[[ DATA TO EXAMINE open ]]

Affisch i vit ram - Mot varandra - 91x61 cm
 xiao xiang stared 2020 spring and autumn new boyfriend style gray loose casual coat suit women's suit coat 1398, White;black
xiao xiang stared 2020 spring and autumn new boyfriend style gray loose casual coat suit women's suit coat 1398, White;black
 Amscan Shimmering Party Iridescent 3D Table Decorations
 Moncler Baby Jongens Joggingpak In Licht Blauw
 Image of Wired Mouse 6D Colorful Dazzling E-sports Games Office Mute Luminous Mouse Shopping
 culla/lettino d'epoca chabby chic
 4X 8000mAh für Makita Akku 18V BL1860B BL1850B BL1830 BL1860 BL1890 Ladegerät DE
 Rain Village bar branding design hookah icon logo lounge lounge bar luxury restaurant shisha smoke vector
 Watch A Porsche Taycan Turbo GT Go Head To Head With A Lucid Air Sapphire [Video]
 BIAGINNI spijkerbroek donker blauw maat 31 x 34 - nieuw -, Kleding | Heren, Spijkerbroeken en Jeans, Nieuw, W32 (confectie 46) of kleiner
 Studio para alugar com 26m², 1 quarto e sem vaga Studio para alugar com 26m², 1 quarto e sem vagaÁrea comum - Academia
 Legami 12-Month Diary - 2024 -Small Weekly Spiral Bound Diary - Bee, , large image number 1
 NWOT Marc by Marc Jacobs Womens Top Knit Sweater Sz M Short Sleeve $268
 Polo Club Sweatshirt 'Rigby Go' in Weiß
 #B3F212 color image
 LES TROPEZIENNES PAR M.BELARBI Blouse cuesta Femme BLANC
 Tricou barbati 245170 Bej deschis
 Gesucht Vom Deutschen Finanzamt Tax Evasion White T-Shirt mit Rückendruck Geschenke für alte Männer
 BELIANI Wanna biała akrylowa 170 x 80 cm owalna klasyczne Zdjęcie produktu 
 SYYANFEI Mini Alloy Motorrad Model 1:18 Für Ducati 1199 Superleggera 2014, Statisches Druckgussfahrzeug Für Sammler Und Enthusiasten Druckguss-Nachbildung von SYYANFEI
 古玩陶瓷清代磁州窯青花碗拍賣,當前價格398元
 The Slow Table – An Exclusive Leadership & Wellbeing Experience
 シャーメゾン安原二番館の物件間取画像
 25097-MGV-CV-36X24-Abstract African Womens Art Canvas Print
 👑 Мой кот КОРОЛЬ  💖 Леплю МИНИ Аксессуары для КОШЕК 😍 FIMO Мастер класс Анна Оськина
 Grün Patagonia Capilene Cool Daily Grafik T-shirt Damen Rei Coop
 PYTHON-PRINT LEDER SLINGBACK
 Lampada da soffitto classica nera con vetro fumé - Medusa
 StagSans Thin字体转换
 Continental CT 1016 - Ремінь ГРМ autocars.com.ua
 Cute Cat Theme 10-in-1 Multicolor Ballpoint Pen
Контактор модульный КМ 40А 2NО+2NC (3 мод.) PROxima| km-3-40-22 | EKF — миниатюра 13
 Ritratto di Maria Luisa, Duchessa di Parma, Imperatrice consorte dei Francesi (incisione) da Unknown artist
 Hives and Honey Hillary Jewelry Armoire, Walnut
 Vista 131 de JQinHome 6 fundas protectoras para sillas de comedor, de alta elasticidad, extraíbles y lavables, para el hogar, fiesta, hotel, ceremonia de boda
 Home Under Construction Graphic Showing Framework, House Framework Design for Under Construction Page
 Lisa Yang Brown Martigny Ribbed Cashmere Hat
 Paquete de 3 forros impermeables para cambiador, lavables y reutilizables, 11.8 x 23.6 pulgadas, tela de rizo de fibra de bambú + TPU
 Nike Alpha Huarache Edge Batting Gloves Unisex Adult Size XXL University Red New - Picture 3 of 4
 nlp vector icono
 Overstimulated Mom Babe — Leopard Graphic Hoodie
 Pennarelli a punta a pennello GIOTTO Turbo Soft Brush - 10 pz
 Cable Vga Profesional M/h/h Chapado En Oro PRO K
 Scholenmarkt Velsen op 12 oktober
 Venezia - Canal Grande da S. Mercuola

[[ DATA TO EXAMINE closed ]]

# TASK TO COMPLETE
Everything from the line containing "BELIANI Wanna biała" through the line containing "古玩陶瓷清代磁州窯青花碗拍賣,當前價格398元" in the material above should be retyped exactly, both ends included, and nothing more.

# RESULT OF THIS TASK
 BELIANI Wanna biała akrylowa 170 x 80 cm owalna klasyczne Zdjęcie produktu 
 SYYANFEI Mini Alloy Motorrad Model 1:18 Für Ducati 1199 Superleggera 2014, Statisches Druckgussfahrzeug Für Sammler Und Enthusiasten Druckguss-Nachbildung von SYYANFEI
 古玩陶瓷清代磁州窯青花碗拍賣,當前價格398元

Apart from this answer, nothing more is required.